El Estado deberá alguna vez plantearse una agenda seria que logre tender puentes, pero sobre todo, reconocer derechos a ciudadanos que no están en el país. Para comenzar, hay que sacar cuentas, por muy dolorosas o incómodas que estas sean. En la actualidad, por ejemplo, los niños nacidos en Venezuela que cumplen 9 años fuera del país no tienen forma de renovar su pasaporte porque no tienen cédula. La expectativa es que los menores viajen con un documento de emergencia a Venezuela y hagan el trámite desde allá.
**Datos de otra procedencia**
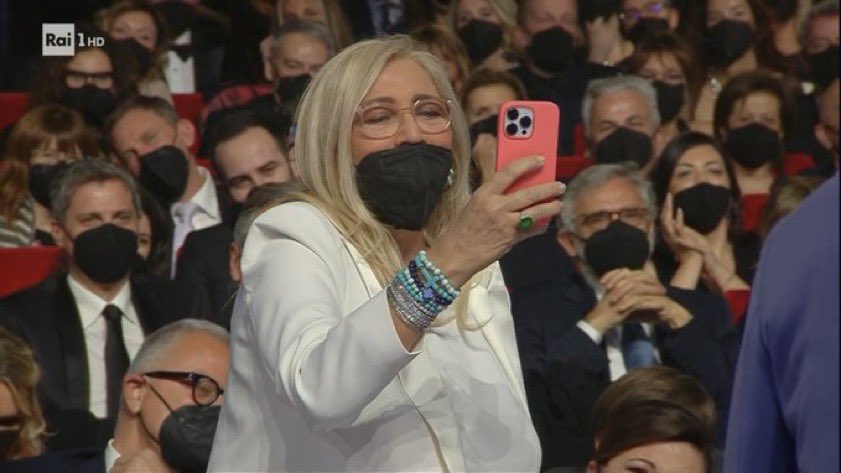 “Ti comporti come se avessi scalato a piedi l’everest”
“L’ho fatto”

ALESSANDRO EGGER IO TI ADORO
 #BallandoConLeStelle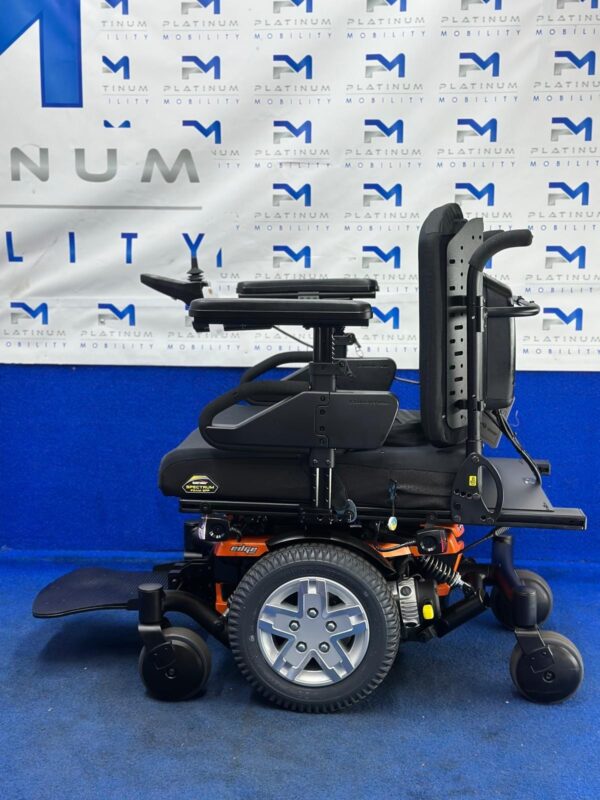 PRIDE QUANTUM EDGE HD 2.0 5 MPH ELECTRIC WHEELCHAIR POWERCHAIR MOBILITY Q6 1135 - Image 4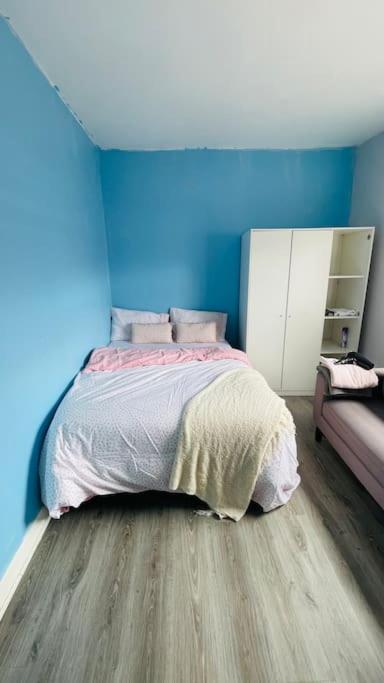 Entire In Apartment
El derecho a la identidad está siendo violentado de la forma más descarada a quienes son más vulnerables.
Los derechos económicos de quienes dejaron aportes en el seguro social deberán ser honrados. Además, los venezolanos están sub-registrados en las listas de los consulados y en el Consejo Nacional Electoral. Los pocos registrados solo pueden votar en elecciones nacionales, lo cual limita su participación política. No hay que explicar por qué nada de esto es casual. Si estos no son ciudadanos dignos de reconocimiento, mucho menos lo serán de influir en quien gobierna. En otros países, los expatriados tienen el derecho al sufragio como habitantes de su último domicilio en el país y, por ende, pueden escoger representantes al parlamento. Algunos, como Colombia y Ecuador, pueden incluso escoger representantes propios en el parlamento en circunscripciones extra-territoriales.
El principal reto que enfrenta Venezuela con sus ciudadanos dispersos por el mundo es el del reconocimiento. Para reconocerles, tendrá que saber quienes y cuántos son y asumirlos como ciudadanos, no como parásitos o traidores, sin importar qué los llevó a migrar, el color de su piel y si algo de amor sienten por la patria.